The retirement income adviser for life and pension provider Prudential said that, too often, people approaching retirement did not take into account the fact they would still pay tax on their yearly income.
He said: “Retiring from work doesn’t mean that you are retiring from paying tax. Whether you are liable for income tax or are paying VAT on your purchases, the contributions you make to the exchequer will continue throughout your retirement.”
According to figures from Prudential, the average retired household pays out 30 per cent of its annual income in a combination of direct and indirect taxes.
Analysis of data from the Office for National Statistics showed that in the 2011-2012 tax year, the average retired household paid £6,400 in tax from a gross income of £21,300.

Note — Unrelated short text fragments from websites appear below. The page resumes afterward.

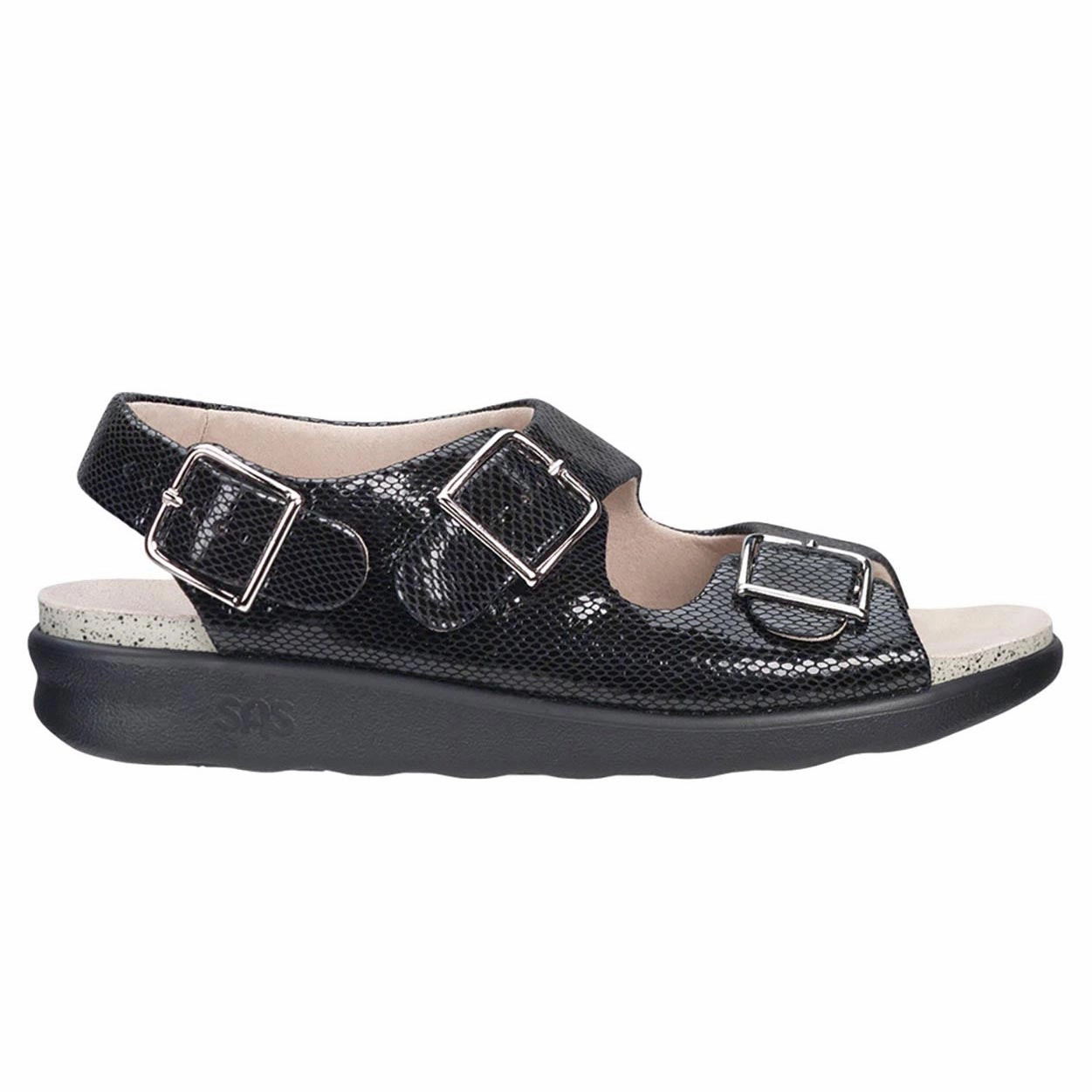 Relaxed - Black Snake SAS orthopedic comfort shoes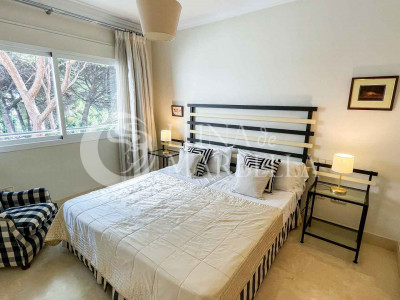 Apartamento en alquiler en Marbella Golden Mile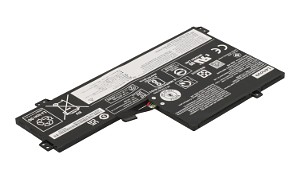 Chromebook C340-11 81TA Batteria (3 Celle)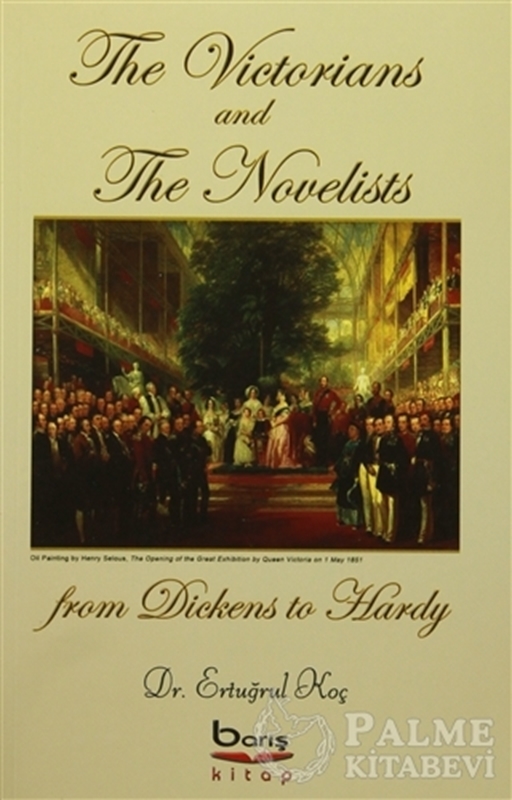 resm The Victorians and The Novelists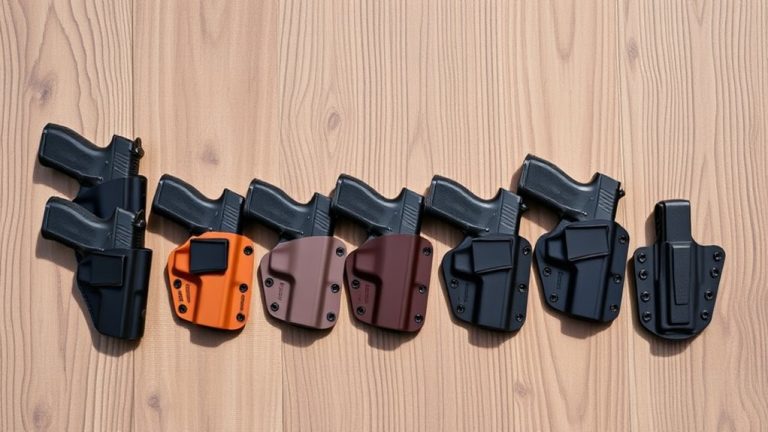 top springfield hellcat pro holsters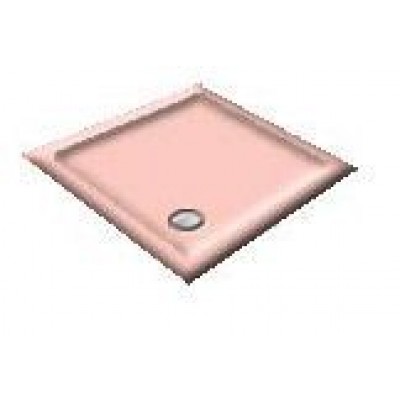 1400 Wild Rose Offset Pentagon Shower Trays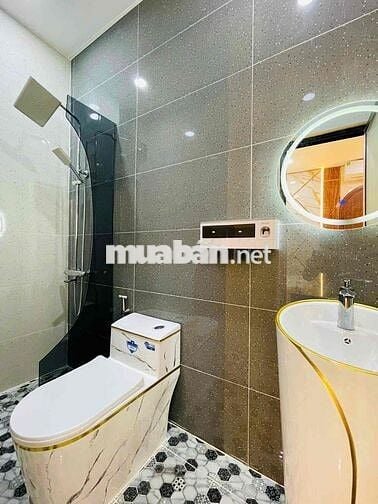❤️Nhà Xinh, 2 Lầu_2PN_ 3WC, Đường Nguyễn Xí, P13, Bình Thạnh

That equates to a total of £45.6bn paid in taxes by all retired households, whether through VAT or income tax, council tax and other taxes, such as tobacco and petrol.
Mr Russell added: “The changes to pensions and how people can take their retirement income announced in the Budget last month will provide savers and retirees with more choices and will affect the way that tax is applied.
“Irrespective of these changes, the fundamental principles remain true – the best way to secure your desired level of retirement income is to save as much as possible as early as possible in your working life.”
Jo Jackson, financial planner at London-based Brewin Dolphin wealth management, said: “Although the much maligned annuity has taken another blow to its already tarnished reputation, it does, however, remain one of the few solutions that offer a guaranteed income for life, which is a feature many still appreciate.
“The retirement landscape is changing and, therefore, using part of your pension fund to purchase an annuity could provide peace of mind that one’s day-to-day expenditure is covered by some level of guaranteed income.”